__Extracted records__
-- Opening Marker --
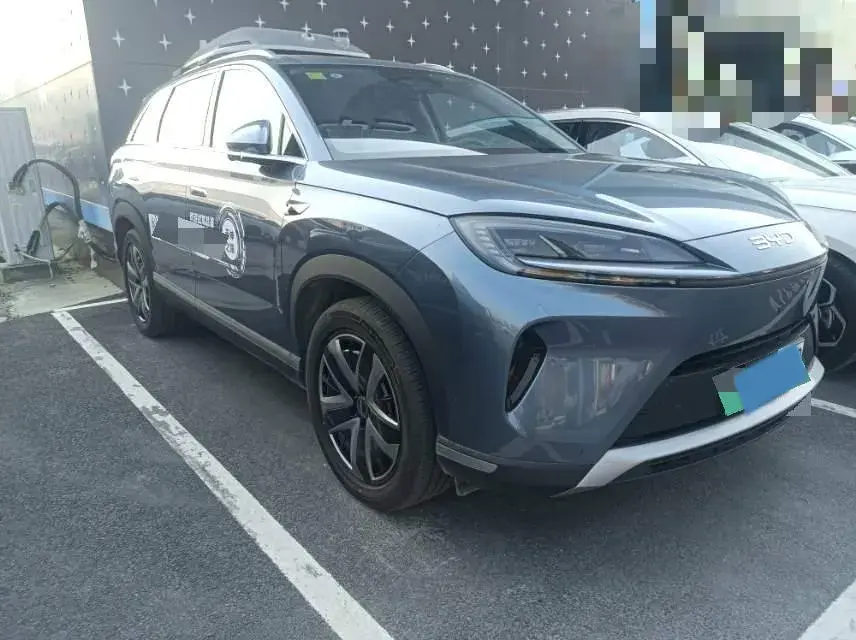 2025 BYD SEA thumbnail 3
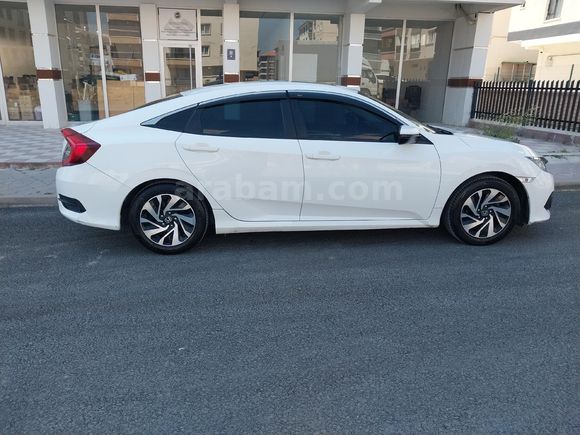 Sahibinden Honda Civic 1.6i VTEC  Executive Model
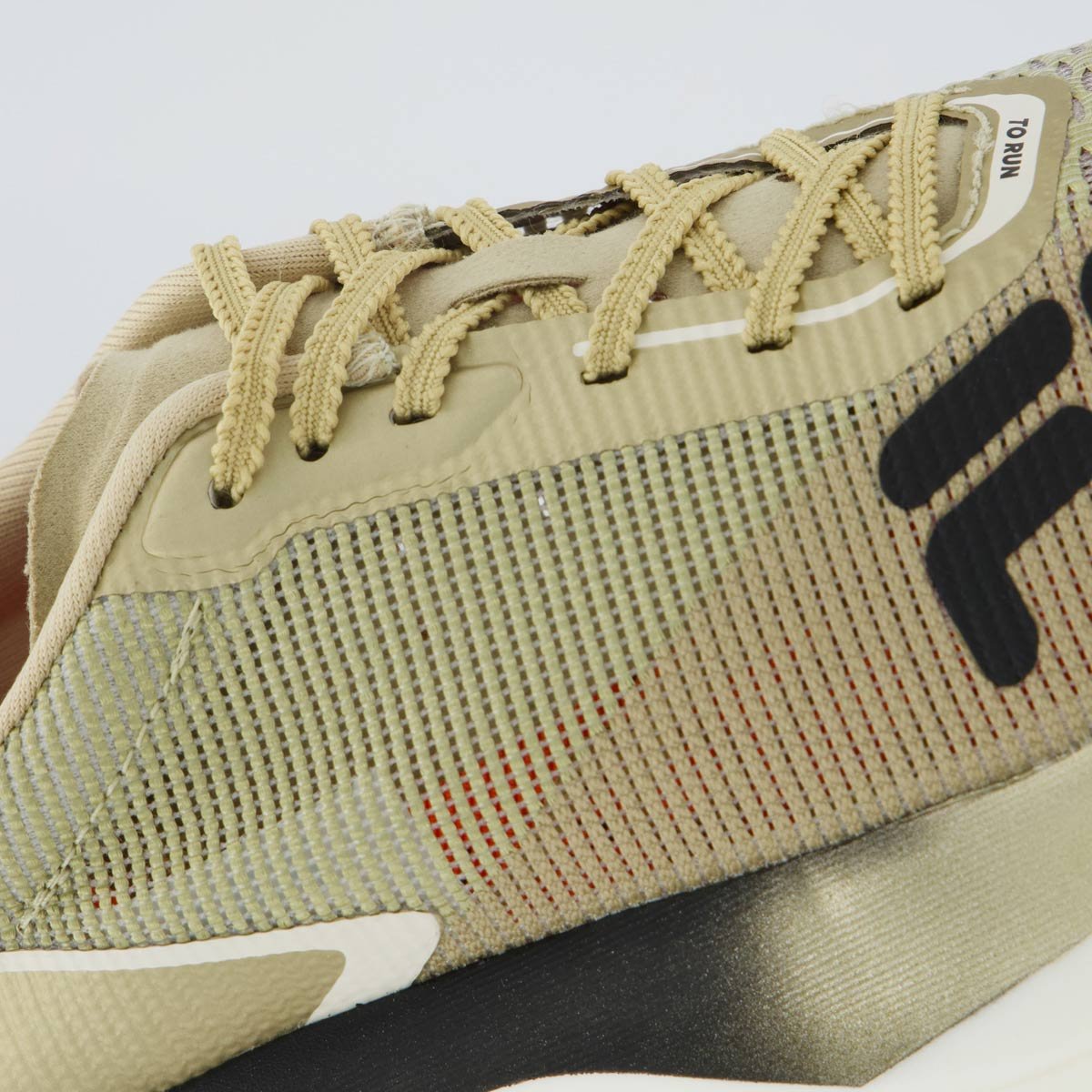Tênis Fila Racer Carbon 3 Tri Feminino Dourado Bege/Dourado 7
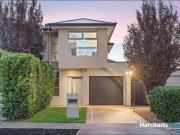 Contemporary Elegance & Effortless Coastal Living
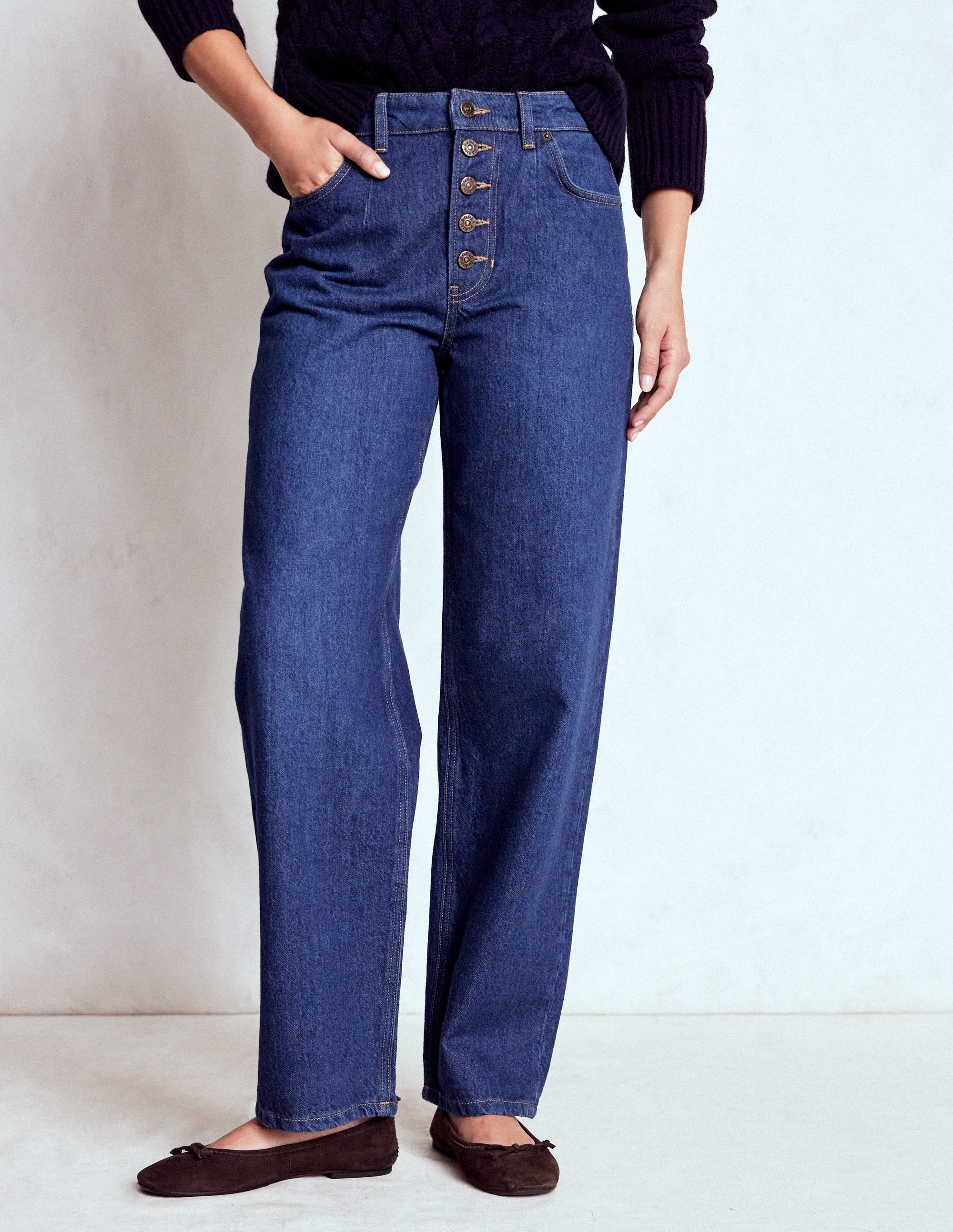 Jeans mit geradem Bein und sichtbarer Knopfleiste-Indigo - Image 4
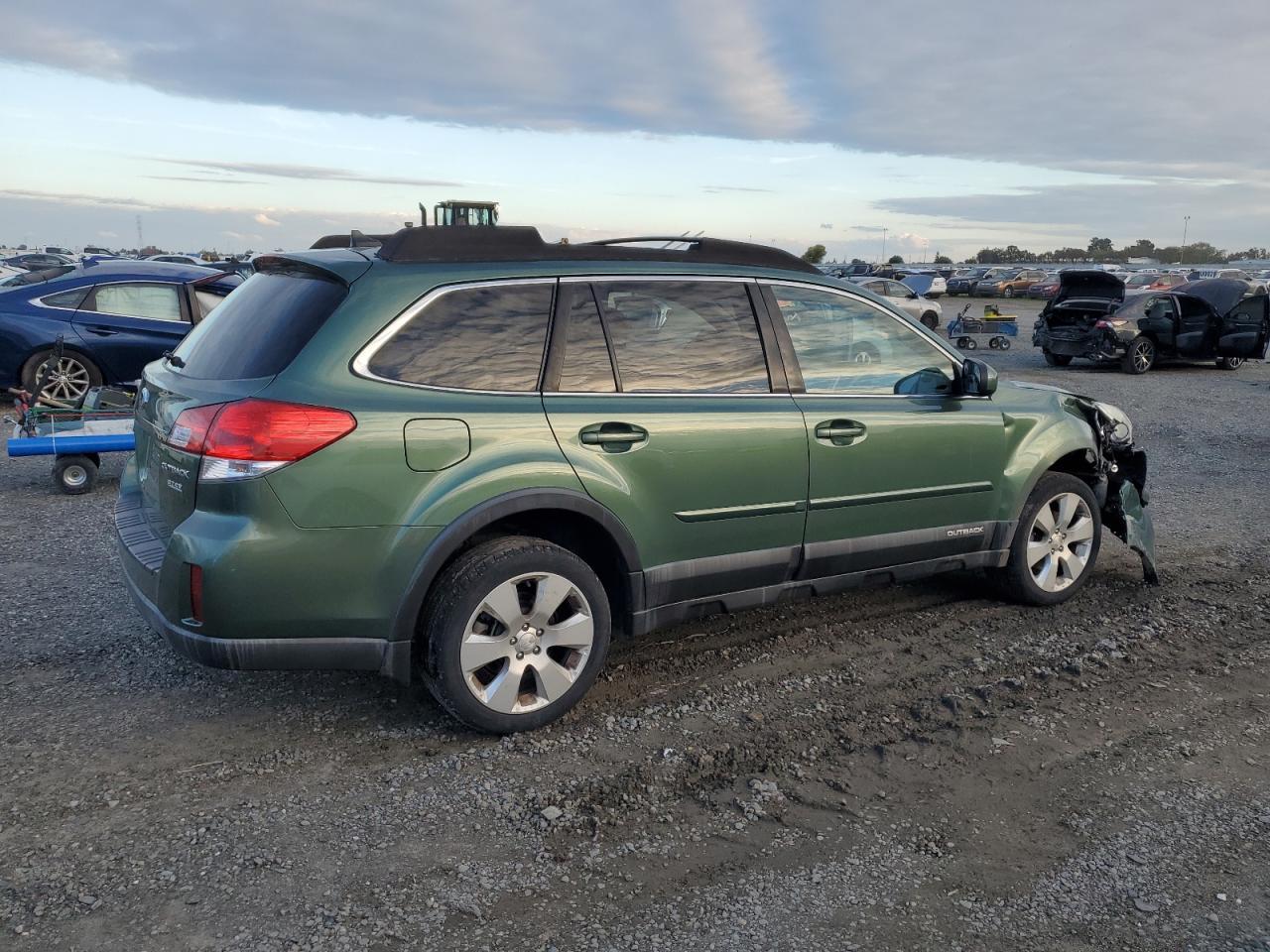 2013 SUBARU Outback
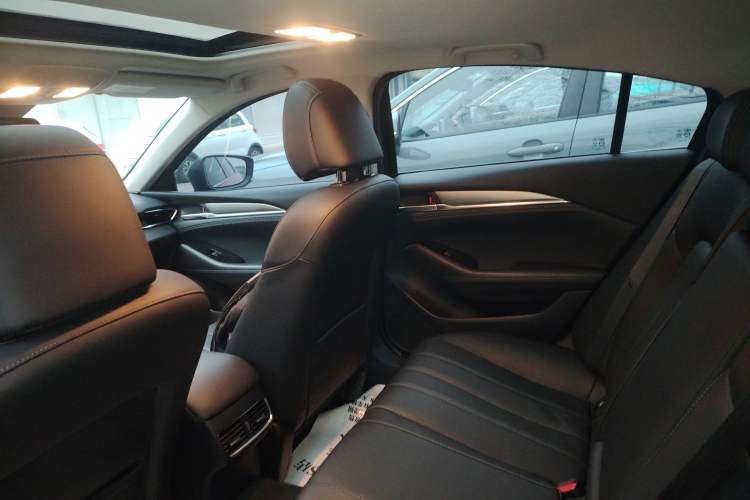 Used Mazda Atenza 2021 2.0L Blue Sky Luxury Edition
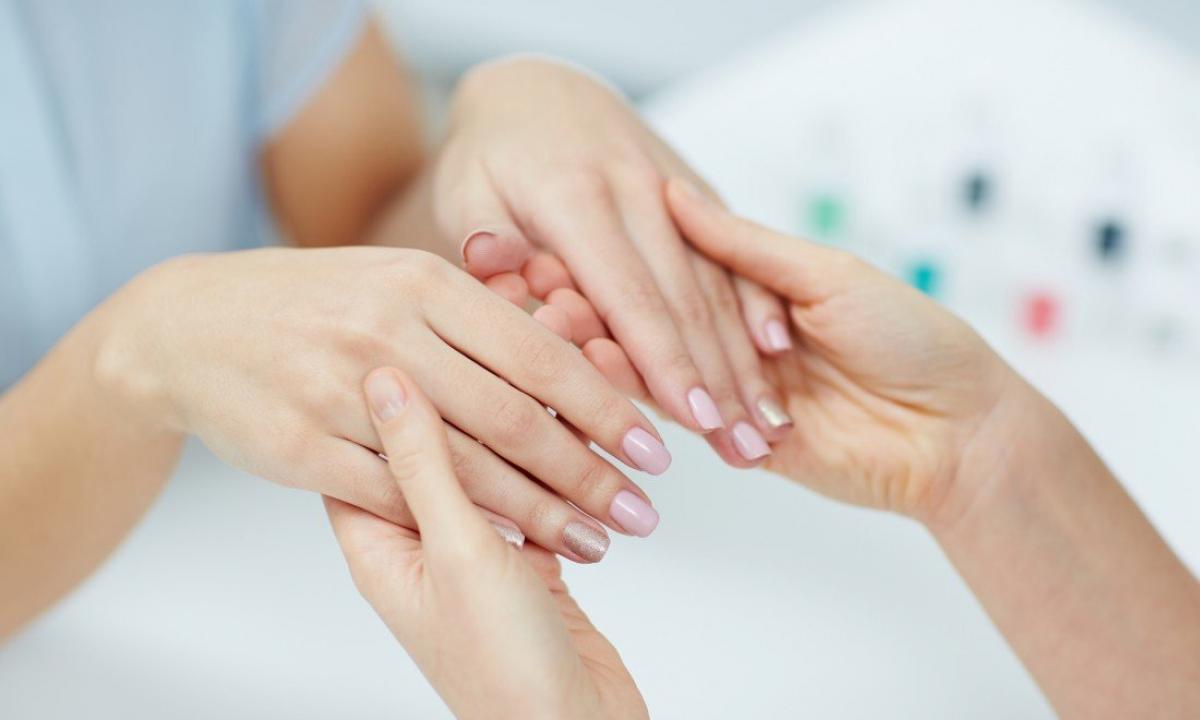 Recommendations about home care of hands and nails
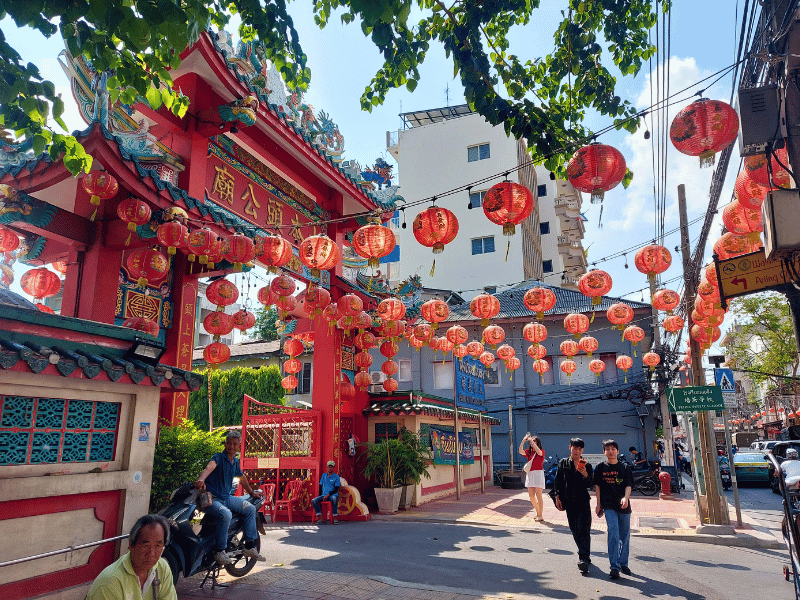 Rote Lampions vor einem chinesischem Tempel in China Town in Bangkok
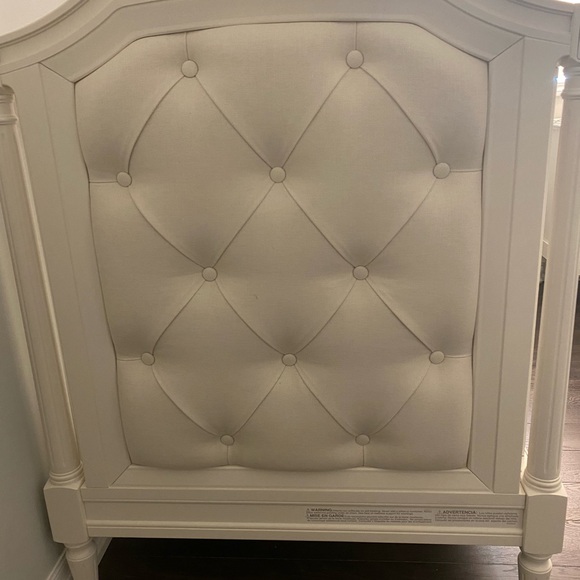 Pottery Barn Crib with with Conversion Kit and Mattress and some covers - Picture 9 of 9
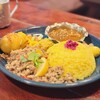 がねいしゃ - ドライグリーンカレー・チキンカレー(普通盛)とスパイス玉子  パクチー苦手な人はよけて食べよう  うずら卵は少し酸っぱい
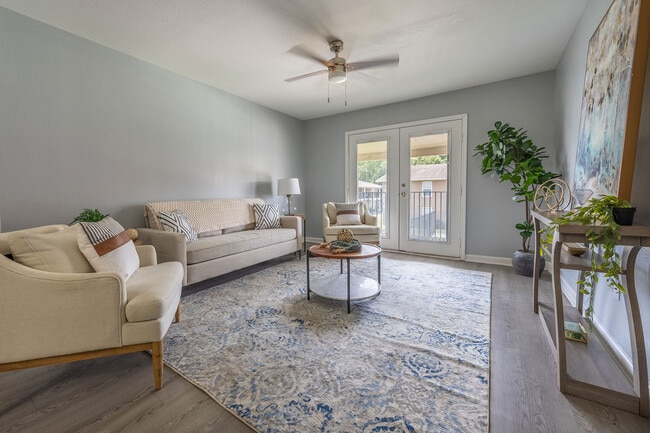SPACIOUS, NATURAL LIGHTING - Lodge Apartments Pascagoula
-- Closing Marker --
__Your instructions__
Word for word, repeat the lines above from the one with "Sahibinden Honda Civic" through the one with "Recommendations about home", and nothing beyond them. Omit the pictures.

__Solution below__
 Sahibinden Honda Civic 1.6i VTEC  Executive Model
Tênis Fila Racer Carbon 3 Tri Feminino Dourado Bege/Dourado 7
 Contemporary Elegance & Effortless Coastal Living
 Jeans mit geradem Bein und sichtbarer Knopfleiste-Indigo - Image 4
 2013 SUBARU Outback
 Used Mazda Atenza 2021 2.0L Blue Sky Luxury Edition
 Recommendations about home care of hands and nails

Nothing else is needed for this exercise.